The 2015 Best of Denver issue is on newsstands now! In our search for the most interesting places, people and events in Denver, we often struggled to pick just one winner in each category. So we're presenting a few runners-up here on Westword Music.
It's true. Denver has an obscenely wonderful amount of music venues within its metro area (thoughour own research suggests that the definition of "venue" itself is pliable). But the loose terms of what, exactly, a venue is are to a concert-goer's advantage; Denver really does have everything — from DIY warehouse institution Rhinoceropolis to the outdoor landmark Red Rocks, there is a performance space for everyone's taste. This includes subterranean venues, which are often quite literally the hidden gems of our city's many performance spaces. In honor of the existence of these unique show spaces, here are five of the best basement venues (in no particular order) that can be found right here in Denver.
Ubisububi Room inside The Thin Man, 2015 East 17th Avenue
The Thin Man's vintage lighting, brightly painted walls and the rampant Catholic imagery that seems to be stuck-to and stuffed-in every nook and cranny of this bar make it a magical place to grab a drink — and the tavern's basement venue carries on a similar atmospheric tradition. Much like the kitschy but cool upstairs, the Ubisububi Room down below is a cozy cove lined with tapestries and lit with christmas lights, offering plenty of places to recline and hear great music or watch a movie. Catch local stars like Porlolo and Natalie Tate in the intimate space, which offers couches and small tables for just a handful of music lovers to enjoy the show. Much like its bigger, rowdier themed parties that get thrown throughout the holiday season upstairs in the Thin Man, many Ubisububi Room shows also sell out, so check the The Thin Man's Facebook for information on events and tickets.

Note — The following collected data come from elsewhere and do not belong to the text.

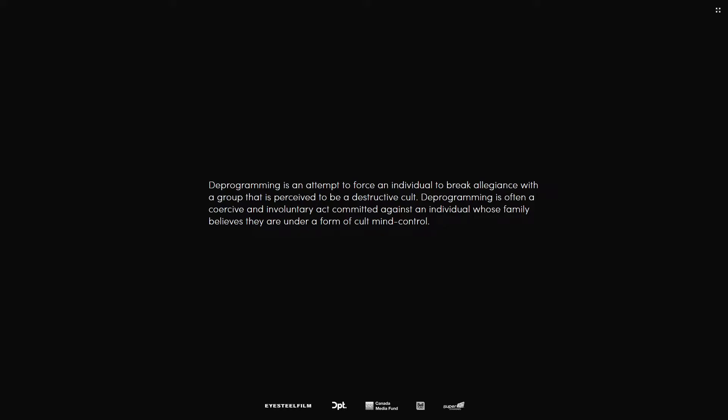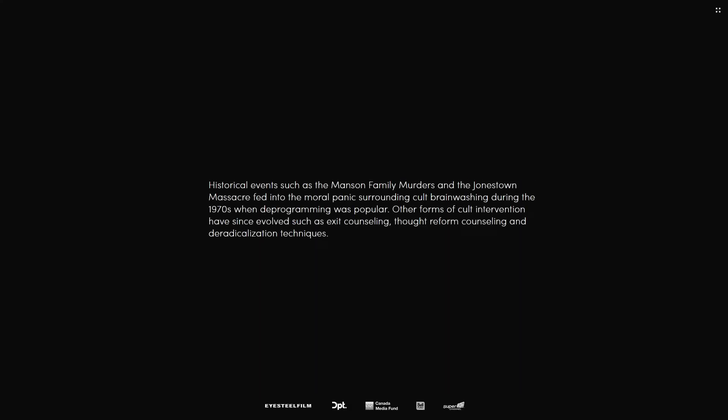Deprogramming is an attempt to force an individual to break allegiance with a group that is perceived to be a destructive cult. Deprogramming is often a coercive and involuntary act committed. Okay, whatever man, just get us to the juicy part.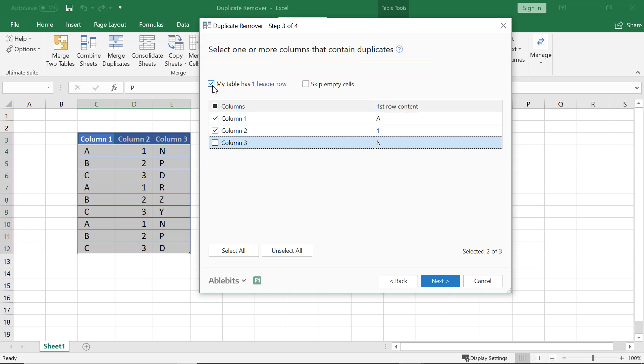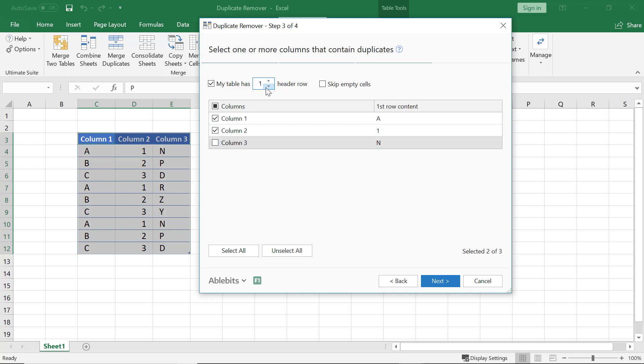I keep this box checked as my table has one header row. If you have more header rows, enter the number of interest right here.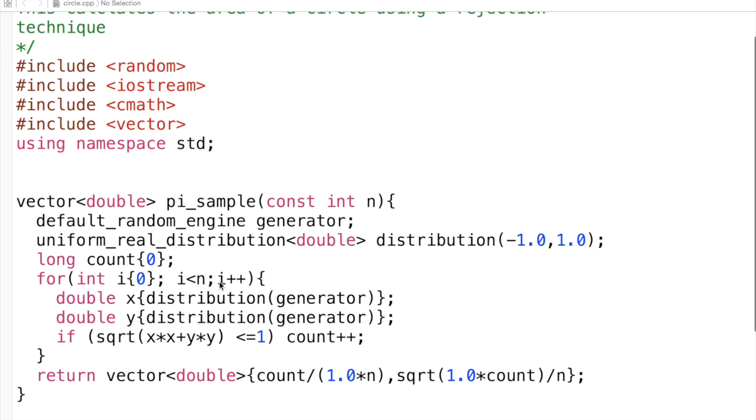We iterate for n steps where n is the input parameter. We generate values of x and y, and if x squared plus y squared is less than or equal to 1, we increase the count. Some may ask why the square root is not necessary here.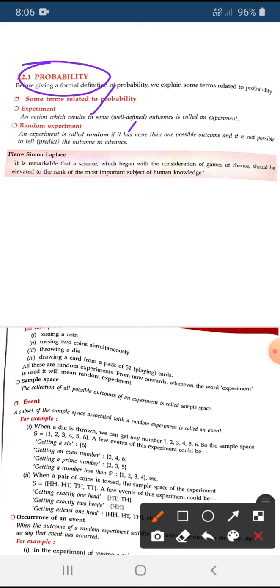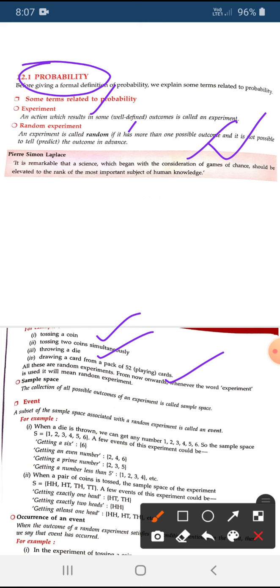A random experiment — in general for all the problems we are going to consider, experiment simply means random experiment. The meaning of random experiment is that you don't know what is going to be the result of your action. Tossing a coin, throwing a die, drawing a card — all of these are random experiments. I will explain them in detail with questions also.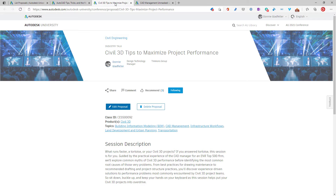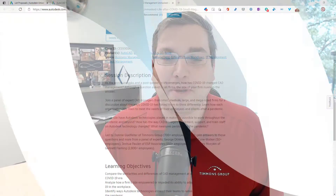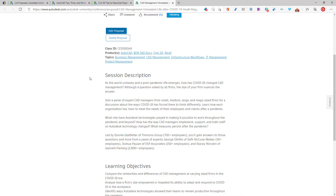And finally, wrapping things out — a bit of a collaborative effort, and maybe a little optimistic given the current state of the world — my third proposal is CAD Management Unmasked: Life After COVID-19 at Small to Mega-Sized Firms. My experience has been that how you've responded to COVID and what CAD Management looks like really varies depending on the size of firm you work for. I've reached out to friends across the industry as panelists — George at Daph McCune & Walker, Josh at ESP, and Stacey at Gannett Fleming — to share our insights into how COVID-19 has changed our role as CAD managers and how we expect things will persist into the future.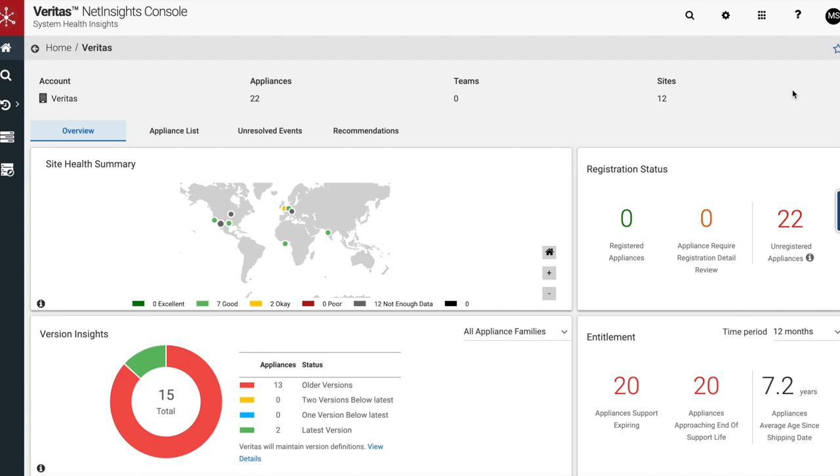Today we will be discussing NetInsight's System Health Insights and how it can further enhance the functionality and reliability of your Veritas appliances.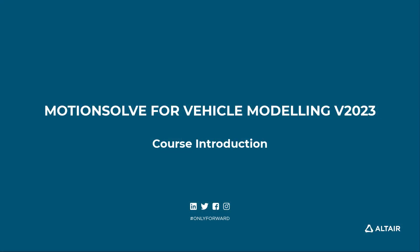Welcome to the Motion Solve for Vehicle Modeling eLearning course. My name is Adam Reed, and I am delighted to be your host for this course.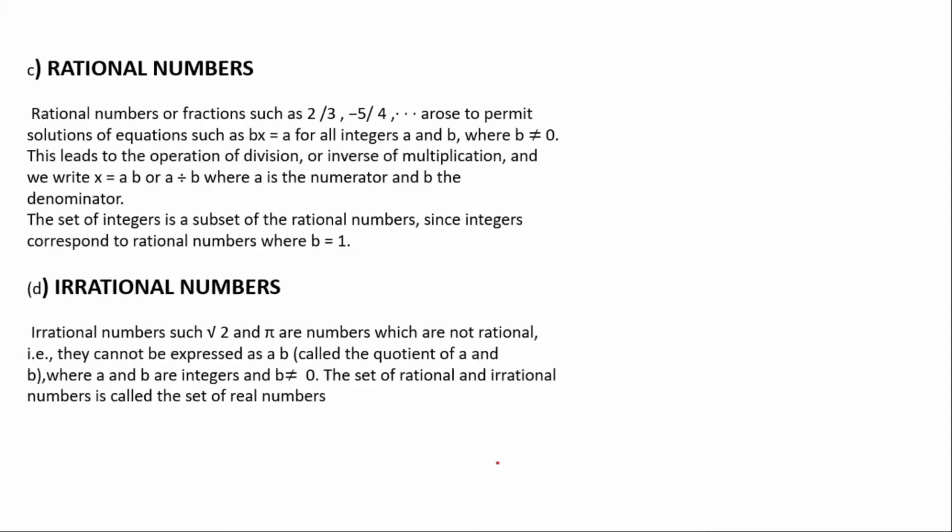Now we are coming to rational numbers. Rational numbers are fractions such as 2/3 or -5/4, expressed as a over b where b should not equal zero. They can be reduced to simplest form. Rational numbers permit solutions of equations such as bx equals a for all integers a and b where b is not equal to zero. The set of integers is a subset of rational numbers, since integers correspond to rational numbers where b equals one.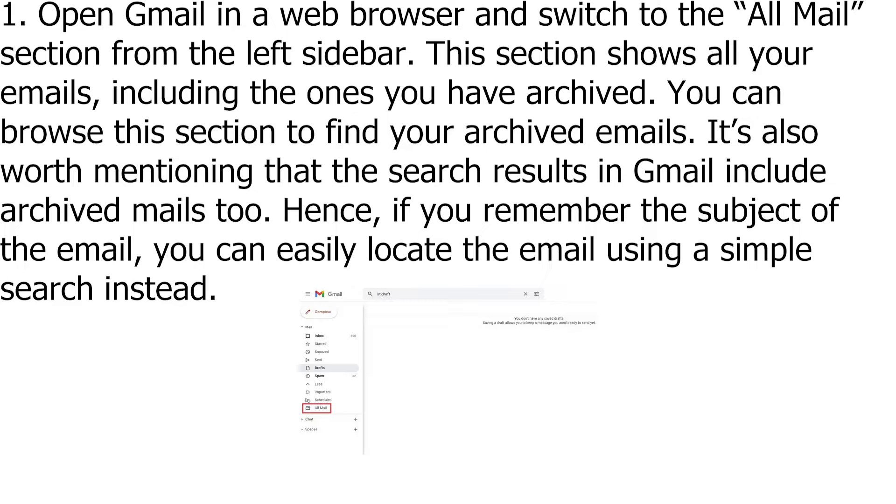Open Gmail in a web browser and switch to the All Mail section from the left sidebar. This section shows all your emails, including the ones you have archived. You can browse this section to find your archived emails.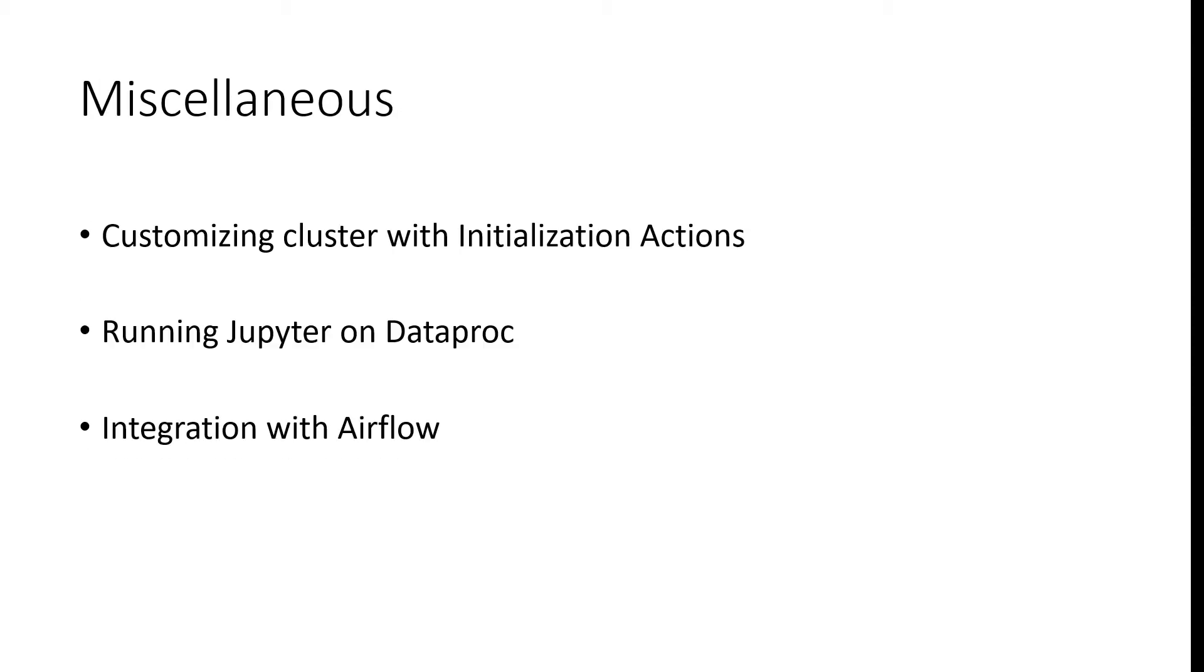The fifth and the final module will cover how to enable and use additional components and how to customize the cluster with the help of initialization actions. We'll also cover how to run Jupyter Notebooks using the Jupyter component and we will also cover the integration of Airflow with Dataproc.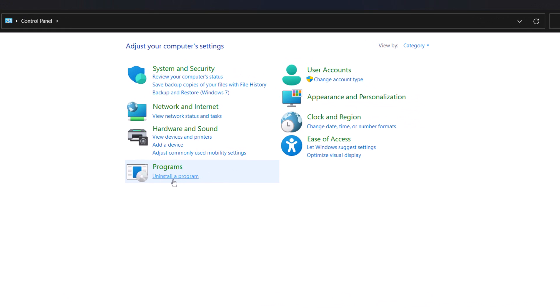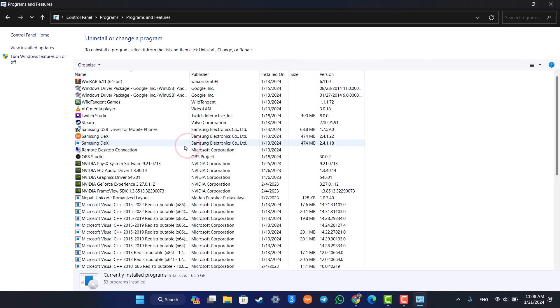So all you have to do is go ahead and launch the 'uninstall a program' button, and here you should be able to see different add-ons, mods, as well as the games, apps, and drivers that you might have downloaded to your computer.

The Phoenix Room inside 3 Kings Tavern, 60 South Broadway The newest venue space on this list, the Phoenix Room has already made its mark on the Broadway map of venues for being a room to see new, cool shit. The dank basement is really as no frills as it gets with a PA, some folding chairs and a lightbulb or two to keep the room from feeling totally shady. But that's also the great part about the Phoenix Room — it's like the secret lair hosting art shows, storytelling hours, improv events and late-night comedy. While 3 Kings may be known for its staple wild rock shows, regular burlesque acts and headliner comedy, the Phoenix Room is like an incubator for artists looking to try new things and audiences open to anything. Gypsy House Cafe, 1279 Marion Street Capitol Hill's vibe is changing rapidly as the city grows, but Gypsy House manages to keep it real as a reasonably priced cafe and hookah bar. While the upstairs is light, airy and draped with plant life, the downstairs room has its own speakeasy-like atmosphere, an urban sanctuary just off the hustle and bustle of 13th Avenue. The all ages space has low ceilings but lots of room to sit and relax, offering Gypsy House's full menu of hookah, turkish coffee and other treats to enjoy along with live entertainment. From poetry readings and live bands to gong bath sound healing sessions and dance parties, Gypsy House's regular schedule has something for everyone. Meadowlark, 2701 Larimer Street
The only autonomous subterranean venue on this list, Meadowlark has been a downstairs hit since it opened a decade ago on a then-nearly vacant block of Larimer Street. There isn't much the Meadowlark doesn't do, with a monthly calendar packed with comedy shows, well-attended open mic and jazz jam nights and of course, any and all types of music events (hip-hop, punk, funk, folk and all genres of rock n' roll get play in the form of live shows, DJ nights and dance parties.) The sound is good, the bartenders are nice and the room feels comfortable whether there are ten or a hundred people in attendance. Plus, if it gets too stuffy and sweaty within the bar's depths, Meadowlark offers a spacious above-ground patio with three-times the seating and heating in the winter. Cafe Max, 2412 East Colfax Avenue
An Oasis on Colfax, Cafe Max is like a swanky but welcoming New York-style coffee house right in the heart of Denver. Its basement room is equally hip but also easily mutable; the long, fat hallway with exposed brick transforms according to whatever is happening in the space for that night. Fashion shows, movie screenings, pop-up dinner parties, live musical performances and group meditation can all place in this ambient and welcoming room. Plus, the cheeseboards, fresh juice, alcoholic beverages and coffee drinks made in the metropolitan-feeling cafe above can be brought down and enjoyed in Cafe Max's semi-secret and cozy venue/room below.